Benchmark it: Drive N threads each signing in a loop and measure throughput before and after. Watch for races; the generation-counter pattern in state.zig is your model for safe lock-release-relock.

Security Challenges

Prove constant-time behavior with Valgrind

The goal: Use Valgrind's memcheck and Zig's classify / declassify to detect any branch or memory access that depends on a secret.

What you'll learn: The closest thing to a constant-time verifier Zig has. classify marks secret memory as uninitialized to Valgrind, which then flags any conditional that depends on it.

Implementation: Add a debug build that classifies the PIN hash and key material before the crypto, run it under valgrind --tool=memcheck --track-origins=yes, and chase down any "conditional jump depends on uninitialised value" reports. The 16-constant-time-security.md research note in docs/zig/reference/ walks through the API.

Testing the security: A clean run with no conditional-on-secret warnings through a full sign and decrypt is the goal.

Fuzz the persistence codec

The goal: Throw malformed token and object files at parse and confirm it always fails closed (clears to empty) and never crashes or reads out of bounds.

Threat model: This protects against a malicious or corrupted store file. The codec already has length and bounds checks; fuzzing proves they are complete.

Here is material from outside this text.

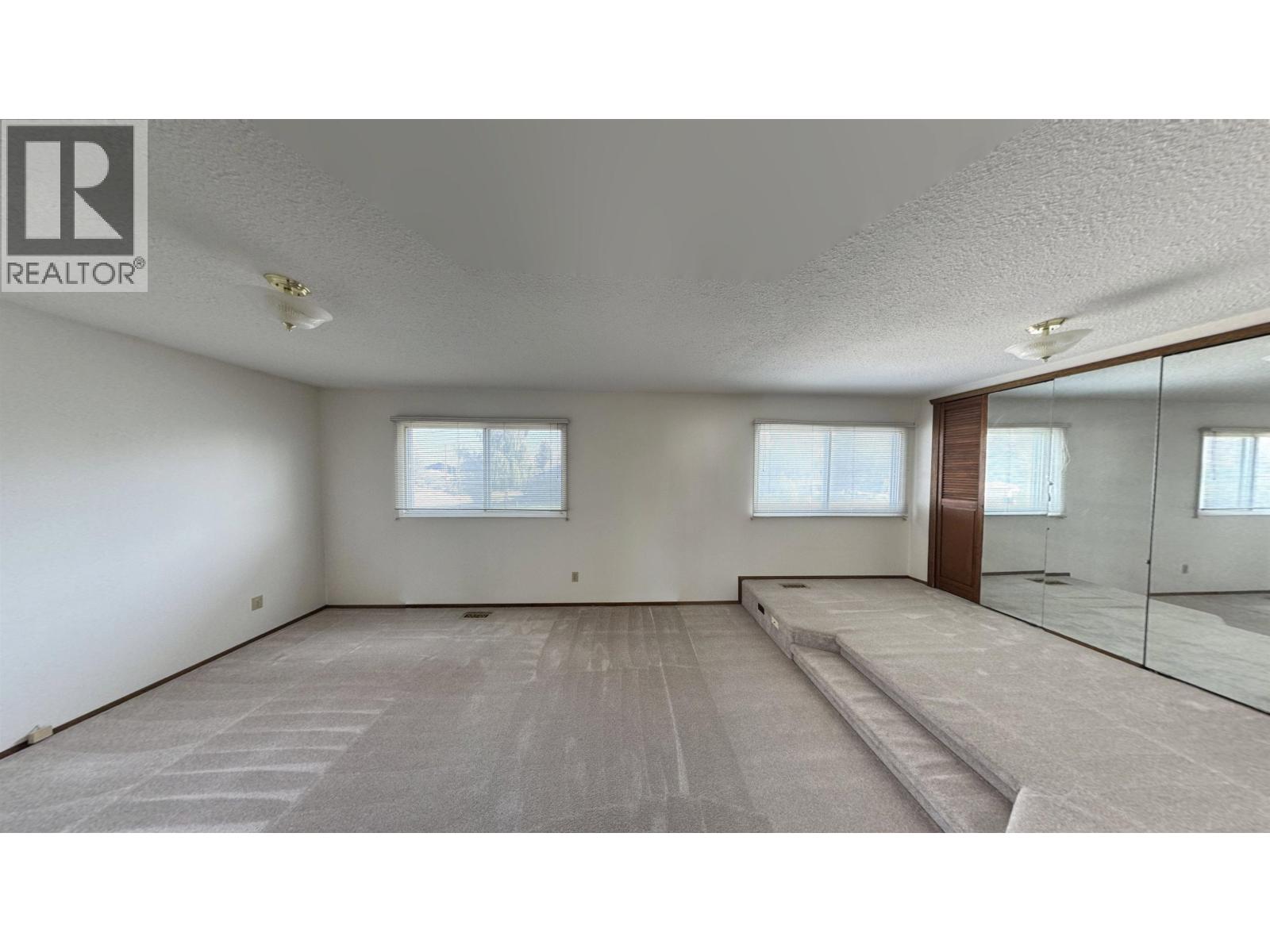 Photo 17 of 11224 103 Street, Fort St John BC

Implementation: Generate random and mutated record bytes, feed them to object_store.parse and token.loadFrom, and assert the result is either a valid parse or a clean empty store, never a panic. The existing "rejects a bad magic" and "fails safe on a truncated record" tests are your starting points.

Contribution Ideas

Finished something? Share it back:

  1. Fork the repo.
  2. Implement your extension in a branch, with unit tests against a published vector and a smoke-harness or pkcs11-tool proof.
  3. Document it: update CONFORMANCE.md if you changed a boundary, and add a note to the relevant learn doc.
  4. Open a PR with the implementation, the tests, and the external-tool proof.

Good extensions (a new mechanism with vectors, a real storage backend, the v3.0 surface) are exactly the kind of thing that makes the project more useful to the next person.

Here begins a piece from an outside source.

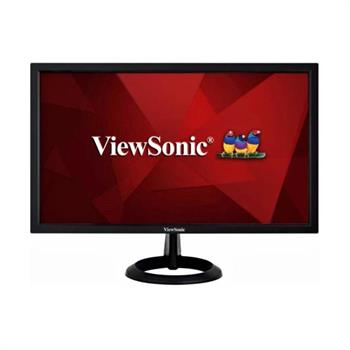 مانیتور ویوسونیک مدل VA2261-2 سایز 22 اینچ - 2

Challenge Yourself Further

Build something new

Use what you learned here to build:

  • A PKCS#11 provider for a different key type, like Ed25519 or ML-DSA (both are in Zig's std), following the ECDSA path.
  • A minimal host that loads any PKCS#11 module and exercises it, the consumer side of the interface you just implemented.

Study real implementations

Read these and steal their good ideas:

  • SoftHSMv2 for the per-token directory store and the OpenSSL/Botan crypto abstraction.
  • OpenSC pkcs11-spy for how a transparent shim logs every call, which is a clean piece of ABI engineering in its own right.

Getting Help

Stuck on a challenge?

  1. Debug systematically. What did you expect, what happened, what is the smallest input that reproduces it? Run the failing case through just spy and read the exact call and return code.
  2. Read the existing code. The mechanism you are adding almost certainly has a sibling already implemented. The path is the same.
  3. Lean on the cross-check. If you touched ck.zig, run zig build test; the ABI test will tell you precisely which field or constant diverged from the OASIS headers.

Challenge Completion

Track your progress:

  • Easy 1: SHA-224 digest
  • Easy 2: configurable token info
  • Easy 3: OpenSSL cross-verify recipe
  • Intermediate 4: AES-192 via libcrypto
  • Intermediate 5: per-object file backend
  • Advanced 6: v3.0 C_GetInterface
  • Advanced 7: v3.0 message API
  • Advanced 8: fork safety
  • Expert 9: SQLite, multi-token

Finished them all? You have built a multi-token, v3.0-capable software HSM with a real database backend and proven constant-time behavior. At that point you understand key custody at a level most working engineers never reach. Go read a real HSM vendor's PKCS#11 docs; you will recognize every design decision they made and why.